Watching Kevin James Movies: Winner is the guy who blows his brains out before the opening credits roll.
Watching 5 Kevin James films is like a game of Russian Roulette, there's never a winner.
Sure there is.
Russian Roulette: Winner is the guy who doesn't blow his brains out.
Watching Kevin James Movies: Winner is the guy who blows his brains out before the opening credits roll.
*Slow clap*
@sterling: Blame the black evil plastic box.
@sterling: Since he partnered up with Sandler and started pumping out cinematic atrocities.
These challenges are completely stupid. But I can't say I am shocked to see people trying to complete them all. Its not like you get gamerscore for them. Not like getting gamerscore is worth anything either. But come on. This is getting out of hand.
All these new achievements and challenges remind me of that line from The Incredibles about no one being super once everyone is super.
These challenges are completely stupid. But I can't say I am shocked to see people trying to complete them all. Its not like you get gamerscore for them. Not like getting gamerscore is worth anything either. But come on. This is getting out of hand.
All these new achievements and challenges remind me of that line from The Incredibles about no one being super once everyone is super.
As you telling me that if I get enough gamerscore I become a superhero?
When did it become cool to hate on Kevin James?
After King of Queens ended and he decided to help make some of the shittiest movies in the last decade.

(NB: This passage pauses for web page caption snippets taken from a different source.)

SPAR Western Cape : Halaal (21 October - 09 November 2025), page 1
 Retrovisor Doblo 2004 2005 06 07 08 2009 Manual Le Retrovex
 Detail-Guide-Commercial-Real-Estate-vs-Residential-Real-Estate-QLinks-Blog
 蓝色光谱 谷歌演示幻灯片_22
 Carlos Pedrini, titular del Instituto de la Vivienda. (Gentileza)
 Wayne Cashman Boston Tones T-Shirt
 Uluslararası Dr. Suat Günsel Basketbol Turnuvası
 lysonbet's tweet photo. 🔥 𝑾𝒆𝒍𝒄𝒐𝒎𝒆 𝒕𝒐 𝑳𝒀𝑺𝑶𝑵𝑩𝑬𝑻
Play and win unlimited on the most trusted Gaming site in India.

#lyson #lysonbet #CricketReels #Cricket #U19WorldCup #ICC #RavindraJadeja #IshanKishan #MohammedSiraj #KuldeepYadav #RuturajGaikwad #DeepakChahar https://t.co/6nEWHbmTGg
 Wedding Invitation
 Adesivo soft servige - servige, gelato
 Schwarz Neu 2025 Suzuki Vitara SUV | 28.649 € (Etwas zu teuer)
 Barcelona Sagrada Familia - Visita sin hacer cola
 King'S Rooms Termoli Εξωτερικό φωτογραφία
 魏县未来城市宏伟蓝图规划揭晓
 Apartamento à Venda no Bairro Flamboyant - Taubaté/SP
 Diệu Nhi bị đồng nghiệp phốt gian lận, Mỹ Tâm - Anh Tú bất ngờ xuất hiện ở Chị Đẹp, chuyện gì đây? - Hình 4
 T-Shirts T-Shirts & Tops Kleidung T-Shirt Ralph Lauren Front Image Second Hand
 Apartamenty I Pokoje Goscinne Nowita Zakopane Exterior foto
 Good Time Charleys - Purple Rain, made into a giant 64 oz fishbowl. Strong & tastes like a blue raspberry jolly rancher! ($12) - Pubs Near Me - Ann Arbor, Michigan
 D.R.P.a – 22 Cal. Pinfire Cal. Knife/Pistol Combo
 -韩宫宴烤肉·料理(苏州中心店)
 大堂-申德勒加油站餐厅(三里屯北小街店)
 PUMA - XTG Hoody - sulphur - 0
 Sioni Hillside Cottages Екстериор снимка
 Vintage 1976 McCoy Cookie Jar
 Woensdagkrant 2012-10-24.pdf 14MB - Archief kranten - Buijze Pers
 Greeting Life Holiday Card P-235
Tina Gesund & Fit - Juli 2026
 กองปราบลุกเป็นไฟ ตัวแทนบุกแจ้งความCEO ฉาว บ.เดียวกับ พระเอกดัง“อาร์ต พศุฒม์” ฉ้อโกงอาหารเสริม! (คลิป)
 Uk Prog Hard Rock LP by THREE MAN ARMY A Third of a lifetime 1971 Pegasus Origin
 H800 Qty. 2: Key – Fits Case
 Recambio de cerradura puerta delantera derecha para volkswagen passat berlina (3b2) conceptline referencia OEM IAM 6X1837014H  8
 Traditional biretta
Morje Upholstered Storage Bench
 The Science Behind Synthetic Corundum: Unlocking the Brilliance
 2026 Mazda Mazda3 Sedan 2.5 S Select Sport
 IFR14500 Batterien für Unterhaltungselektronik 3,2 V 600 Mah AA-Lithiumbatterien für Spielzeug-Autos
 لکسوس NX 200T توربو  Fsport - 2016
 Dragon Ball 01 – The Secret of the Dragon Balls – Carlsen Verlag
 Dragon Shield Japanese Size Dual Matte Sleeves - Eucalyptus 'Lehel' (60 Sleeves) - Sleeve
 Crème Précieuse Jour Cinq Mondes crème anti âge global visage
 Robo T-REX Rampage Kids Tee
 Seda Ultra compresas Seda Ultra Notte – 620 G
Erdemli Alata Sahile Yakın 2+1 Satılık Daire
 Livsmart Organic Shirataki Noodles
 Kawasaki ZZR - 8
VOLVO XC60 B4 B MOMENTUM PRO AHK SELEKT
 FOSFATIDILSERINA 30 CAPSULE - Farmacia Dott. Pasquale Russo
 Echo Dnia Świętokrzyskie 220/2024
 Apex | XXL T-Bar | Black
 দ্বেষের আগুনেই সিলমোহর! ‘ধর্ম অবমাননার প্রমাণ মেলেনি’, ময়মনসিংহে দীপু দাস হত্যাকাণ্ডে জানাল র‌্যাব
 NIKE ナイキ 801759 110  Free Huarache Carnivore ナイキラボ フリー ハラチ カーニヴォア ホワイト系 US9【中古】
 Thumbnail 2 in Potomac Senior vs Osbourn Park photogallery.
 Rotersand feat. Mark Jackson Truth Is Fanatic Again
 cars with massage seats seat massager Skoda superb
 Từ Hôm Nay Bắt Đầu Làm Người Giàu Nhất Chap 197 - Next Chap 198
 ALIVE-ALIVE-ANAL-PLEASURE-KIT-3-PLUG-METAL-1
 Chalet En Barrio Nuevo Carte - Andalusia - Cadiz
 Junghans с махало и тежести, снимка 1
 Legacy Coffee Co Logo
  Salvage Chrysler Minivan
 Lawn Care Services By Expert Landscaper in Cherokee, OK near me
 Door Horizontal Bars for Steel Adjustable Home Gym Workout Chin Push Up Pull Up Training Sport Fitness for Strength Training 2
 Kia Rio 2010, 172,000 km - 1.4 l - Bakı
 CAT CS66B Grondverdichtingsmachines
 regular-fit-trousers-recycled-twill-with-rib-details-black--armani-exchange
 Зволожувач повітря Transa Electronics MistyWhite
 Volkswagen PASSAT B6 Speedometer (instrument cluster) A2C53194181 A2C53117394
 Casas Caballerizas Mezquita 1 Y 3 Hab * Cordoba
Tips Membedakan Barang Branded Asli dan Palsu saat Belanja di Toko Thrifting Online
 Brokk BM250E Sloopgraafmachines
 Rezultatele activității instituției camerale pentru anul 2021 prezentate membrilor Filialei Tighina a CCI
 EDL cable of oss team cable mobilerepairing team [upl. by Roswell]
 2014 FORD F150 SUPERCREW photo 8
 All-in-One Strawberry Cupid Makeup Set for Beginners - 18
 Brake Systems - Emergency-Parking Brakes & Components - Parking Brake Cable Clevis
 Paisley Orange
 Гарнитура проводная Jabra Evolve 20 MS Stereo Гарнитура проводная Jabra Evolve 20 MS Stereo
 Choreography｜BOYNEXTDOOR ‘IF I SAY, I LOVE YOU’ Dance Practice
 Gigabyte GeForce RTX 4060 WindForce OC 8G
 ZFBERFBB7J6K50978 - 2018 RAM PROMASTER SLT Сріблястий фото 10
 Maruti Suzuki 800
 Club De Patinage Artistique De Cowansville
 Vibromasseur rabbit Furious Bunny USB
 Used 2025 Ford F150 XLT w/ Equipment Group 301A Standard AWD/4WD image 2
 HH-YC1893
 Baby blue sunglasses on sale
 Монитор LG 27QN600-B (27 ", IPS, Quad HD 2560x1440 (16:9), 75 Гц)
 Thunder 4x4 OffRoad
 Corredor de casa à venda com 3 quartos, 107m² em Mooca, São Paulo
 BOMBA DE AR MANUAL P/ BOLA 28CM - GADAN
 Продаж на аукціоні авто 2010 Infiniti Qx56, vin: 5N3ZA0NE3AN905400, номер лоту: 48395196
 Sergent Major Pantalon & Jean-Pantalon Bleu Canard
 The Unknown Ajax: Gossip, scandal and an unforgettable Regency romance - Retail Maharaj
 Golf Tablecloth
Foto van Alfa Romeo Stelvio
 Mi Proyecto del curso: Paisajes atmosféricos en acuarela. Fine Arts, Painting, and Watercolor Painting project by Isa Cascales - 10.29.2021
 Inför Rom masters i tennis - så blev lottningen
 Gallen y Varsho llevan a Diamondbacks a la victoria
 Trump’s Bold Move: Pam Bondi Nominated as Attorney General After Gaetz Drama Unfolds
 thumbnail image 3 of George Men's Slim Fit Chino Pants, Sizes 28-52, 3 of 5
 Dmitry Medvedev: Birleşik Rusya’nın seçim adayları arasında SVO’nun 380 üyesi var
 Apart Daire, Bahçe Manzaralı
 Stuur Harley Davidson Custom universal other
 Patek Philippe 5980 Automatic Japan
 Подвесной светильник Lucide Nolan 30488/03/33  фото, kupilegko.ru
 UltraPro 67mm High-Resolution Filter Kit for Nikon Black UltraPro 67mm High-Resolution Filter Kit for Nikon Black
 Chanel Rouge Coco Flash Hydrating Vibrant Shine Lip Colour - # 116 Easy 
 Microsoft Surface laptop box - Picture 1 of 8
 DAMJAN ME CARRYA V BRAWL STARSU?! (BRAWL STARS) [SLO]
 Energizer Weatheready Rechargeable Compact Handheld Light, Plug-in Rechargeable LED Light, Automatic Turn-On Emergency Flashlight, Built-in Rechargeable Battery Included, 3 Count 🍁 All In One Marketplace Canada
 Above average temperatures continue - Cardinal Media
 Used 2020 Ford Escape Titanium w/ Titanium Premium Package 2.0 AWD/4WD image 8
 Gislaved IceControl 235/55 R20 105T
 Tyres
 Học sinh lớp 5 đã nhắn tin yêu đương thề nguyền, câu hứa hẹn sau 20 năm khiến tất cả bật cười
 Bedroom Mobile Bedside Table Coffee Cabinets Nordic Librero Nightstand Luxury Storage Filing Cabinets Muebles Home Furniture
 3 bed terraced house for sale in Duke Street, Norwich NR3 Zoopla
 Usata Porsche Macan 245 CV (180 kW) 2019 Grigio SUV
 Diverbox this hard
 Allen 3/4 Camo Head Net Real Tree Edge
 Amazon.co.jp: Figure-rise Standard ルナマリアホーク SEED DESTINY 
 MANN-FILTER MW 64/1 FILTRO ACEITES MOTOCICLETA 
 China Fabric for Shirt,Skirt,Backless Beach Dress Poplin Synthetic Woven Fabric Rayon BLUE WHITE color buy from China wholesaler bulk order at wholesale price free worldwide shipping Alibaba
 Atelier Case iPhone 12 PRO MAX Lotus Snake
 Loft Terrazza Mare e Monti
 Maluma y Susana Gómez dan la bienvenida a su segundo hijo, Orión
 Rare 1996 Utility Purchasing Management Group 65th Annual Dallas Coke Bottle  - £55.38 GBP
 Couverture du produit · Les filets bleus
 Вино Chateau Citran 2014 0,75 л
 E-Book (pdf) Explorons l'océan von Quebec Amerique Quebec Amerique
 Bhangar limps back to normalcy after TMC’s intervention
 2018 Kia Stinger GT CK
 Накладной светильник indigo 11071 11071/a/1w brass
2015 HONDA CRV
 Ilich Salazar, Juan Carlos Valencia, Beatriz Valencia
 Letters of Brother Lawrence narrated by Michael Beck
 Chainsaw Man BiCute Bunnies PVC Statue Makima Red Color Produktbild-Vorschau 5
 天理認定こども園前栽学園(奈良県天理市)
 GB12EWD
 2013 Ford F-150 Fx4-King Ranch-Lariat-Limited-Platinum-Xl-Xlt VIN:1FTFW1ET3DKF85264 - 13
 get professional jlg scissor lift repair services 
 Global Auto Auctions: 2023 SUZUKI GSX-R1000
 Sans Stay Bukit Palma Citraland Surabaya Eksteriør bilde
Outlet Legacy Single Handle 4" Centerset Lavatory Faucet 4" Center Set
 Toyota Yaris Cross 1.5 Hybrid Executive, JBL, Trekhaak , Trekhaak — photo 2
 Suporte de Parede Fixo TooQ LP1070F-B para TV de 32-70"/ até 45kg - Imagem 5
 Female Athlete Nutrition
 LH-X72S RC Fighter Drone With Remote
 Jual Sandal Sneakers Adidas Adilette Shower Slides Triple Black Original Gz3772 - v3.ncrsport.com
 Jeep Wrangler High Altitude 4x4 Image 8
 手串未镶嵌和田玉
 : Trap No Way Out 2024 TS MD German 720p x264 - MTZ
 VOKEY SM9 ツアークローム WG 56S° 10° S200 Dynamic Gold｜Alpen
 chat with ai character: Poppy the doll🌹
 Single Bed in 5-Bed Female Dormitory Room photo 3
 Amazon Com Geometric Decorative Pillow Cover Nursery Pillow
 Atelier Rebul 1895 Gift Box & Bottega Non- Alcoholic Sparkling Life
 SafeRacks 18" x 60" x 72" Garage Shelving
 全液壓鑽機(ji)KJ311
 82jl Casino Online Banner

These challenges are completely stupid. But I can't say I am shocked to see people trying to complete them all. Its not like you get gamerscore for them. Not like getting gamerscore is worth anything either. But come on. This is getting out of hand.
All these new achievements and challenges remind me of that line from The Incredibles about no one being super once everyone is super.
As you telling me that if I get enough gamerscore I become a superhero?
I'm not not telling you that.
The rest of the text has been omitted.